**What you need to do:**
Leave out the images and return all the data word for word.

**Information shown:**
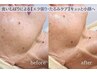 【写真に自信！小顔ケア】筋膜リリースでたるみケア 13,200円→11,200円 60分
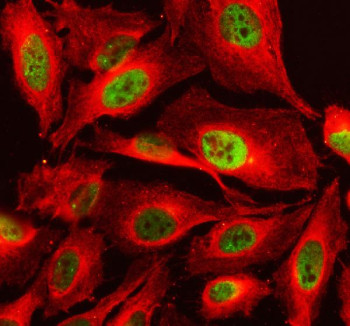 Anti-TAF3 / Transcription initiation factor TFIID subunit 3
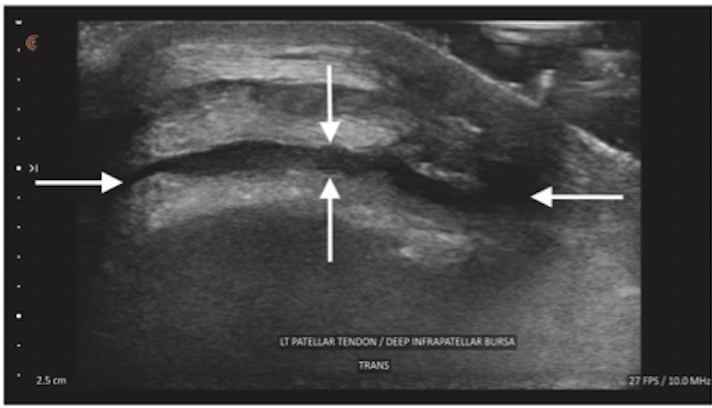 Transverse ultrasound showing deep infrapatellar bursal fluid posterior to the patellar tendon, indicated by arrows.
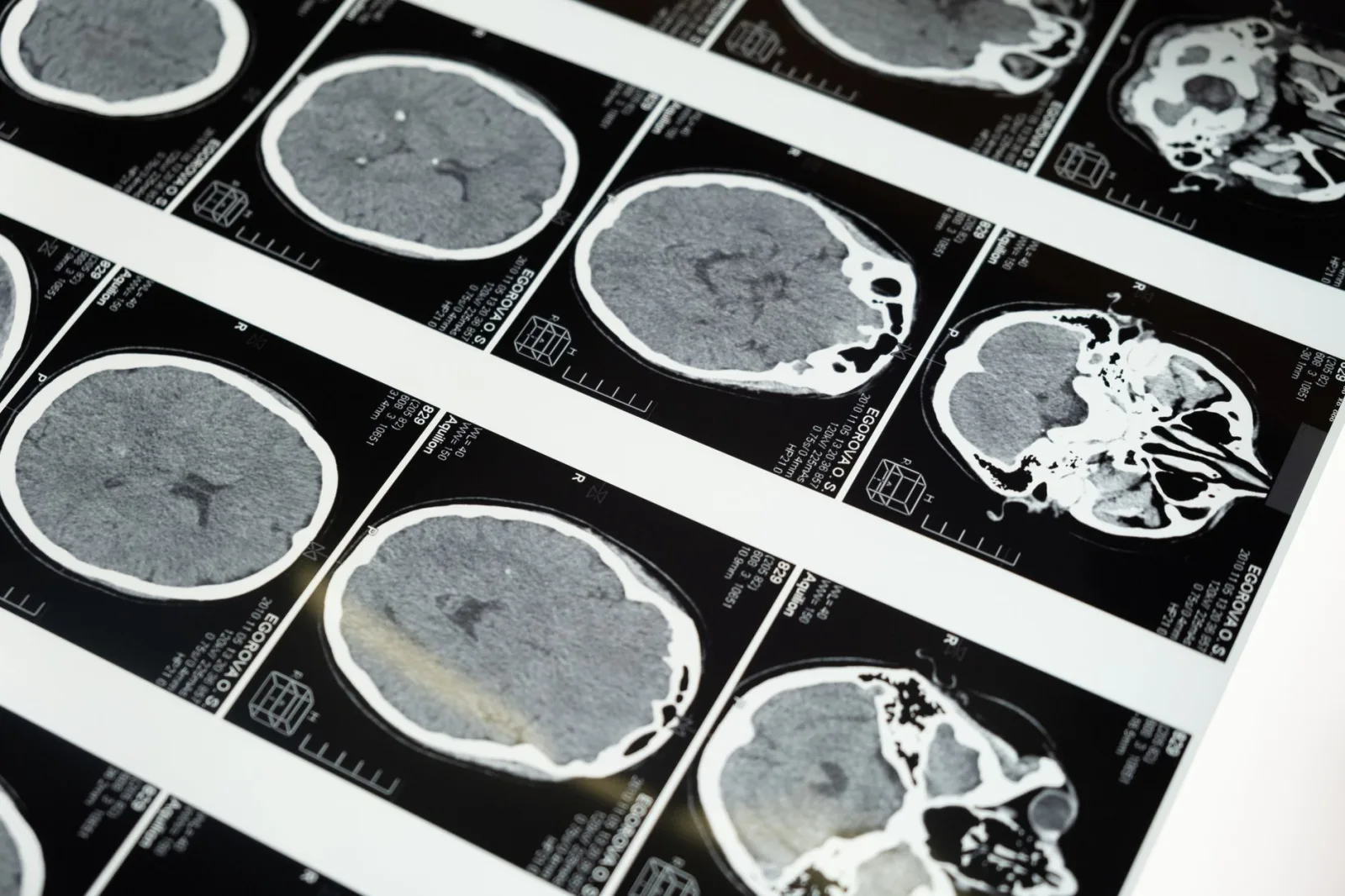 Exploraciones detalladas de resonancia magnética cerebral mostradas en una caja de luz, que ilustran técnicas de diagnóstico por imágenes.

**Response:**
 【写真に自信！小顔ケア】筋膜リリースでたるみケア 13,200円→11,200円 60分
 Anti-TAF3 / Transcription initiation factor TFIID subunit 3
 Transverse ultrasound showing deep infrapatellar bursal fluid posterior to the patellar tendon, indicated by arrows.
 Exploraciones detalladas de resonancia magnética cerebral mostradas en una caja de luz, que ilustran técnicas de diagnóstico por imágenes.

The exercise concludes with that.